Bu hafta başı başlayan 85 yaş üstü büyüklerimiz ile ilgili aşı çalışmalarında görevli olan sağlık çalışanı aşılamaya gittiği teyzenin evini de süpürmüş. Haberde kendisinin yüzünün görünmemesini isteyen sağlık görevlisinin bu davranışı takdire şayandır. Haberin altındaki yorumlarda reklam yapıyor yorumlarına katılmıyorum. İyi şeylerin teşvik edici olması nedeniyle paylaşılmasının faydalı olacağına inanıyorum. Zaten sağlık görevlisi ismini ve yüzünü saklamış. Reklam yapmak isteseydi kendini açık ederdi. Ayrıca ismini bile söylese ne zararı var. Başkalarına da örnek olsun. Onca kötü şeylerin haberi yapılırken iyi şeylerin haberini yapmazsak hepten dünya kötüymüş gibi algılanıyor. Bu arada olay Adıyaman’da yaşanmış. Sağlık görevlimizin bu hassasiyetini kutluyoruz.

Eksi

Balon balığı

Çin denizlerinde yaşayan bir balık türü olması sebebiyle her türlü şekle sokulan balığı Türkiye pazarında süs eşyası olarak da görmek mümkün. Bir TV kanalımızda güzel bir haber olarak sunulan bu eşya (!) ile ilgili çoğunlukla yazlık yerlerde satıldığına dair bilgi veriliyordu. Satıcılarla yapılan röportajlarla, satışı artırıcı ve teşvik edici bir haber olarak sunuluyordu.

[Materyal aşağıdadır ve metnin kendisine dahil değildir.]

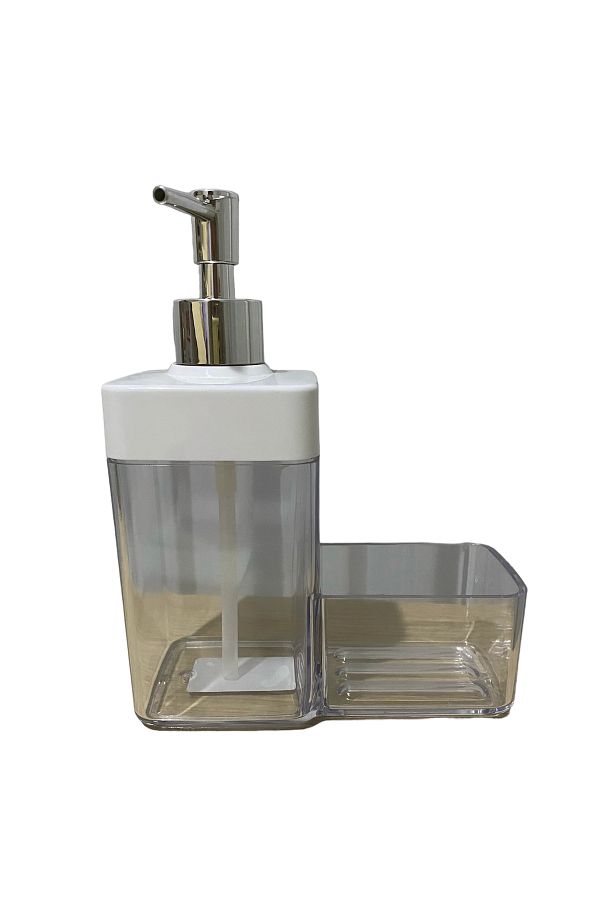 LİGHT HOUSE-Chrome Liquid Soap Dispenser with Sponge Container 1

Bu balığın Çin’de bol miktarda olmasından dolayı belli ki etinden, sütünden, kılından kısacası her şeyini emtia haline getirmiş hayvanı, süs eşyası olarak pazarlamanın düşündürücü tarafı yok mu? Evinizde doldurulmuş geyik başı, aslan başı veya tavşan bulundurur musunuz? Evdeki kediniz ölse onu toprağa mı gömersiniz yoksa bir süs eşyası olarak doldurup karşınıza mı koyarsınız? Hayvanı bir süs eşyası mantığı ile pazarlamanın kime ne faydası olabilir? Hayvan hakları nerede?

ÇOBAN ŞEVKİ

Balıkesir’in Havdan ilçesinde yaşayan hem okuyup hem de ailesine yardım eden on iki yaşındaki Şevki’nin özgüveni hangi şehirli çocukta var? Otlattığı koyunlarının sayısı üzerinden günlük yedikleri yem çuvallarının fiyatına bakarak yıllık sağılan sütleri de hesaplayarak aylık kazanç hesabını, ayaküstü yapan bu çocuğun matematik dersi öğrenme şekli nasıl da doğal. Çevrim içi derslerde verilen problemlerde; marketten alınan kutu sütlerinin litresini verip bunları haftalık, aylık rakamlarını bulmak için kafa patlatan çocuklara matematik sıkıcı gelirken Şevki’nin hayatın içinde öğrendiği matematik zorlama olmuyor. Sen çok şanslısın Şevki. Sosyal medyada paylaşılan bir videoda Çoban Şevki kendine olan güveni, mimikleri, samimiyeti ile çocuk çocukluğunu yaşıyor dedirtiyor. Yapmacık değil, kanaatkâr halleri beni etkiliyor. Bir çağrısı da var Metropoldekilere. Beri tarafa gelin diyor Şevki. Doğa alabildiğine böyle geniş derken elle yaptığı hareketle buralar hepimize yeter demek istiyor. Gelin buraya bir baraka konduruverin diyor Şevki. Gönlüne, yüreğine sağlık Şevki. İnşallah Şevki inşallah.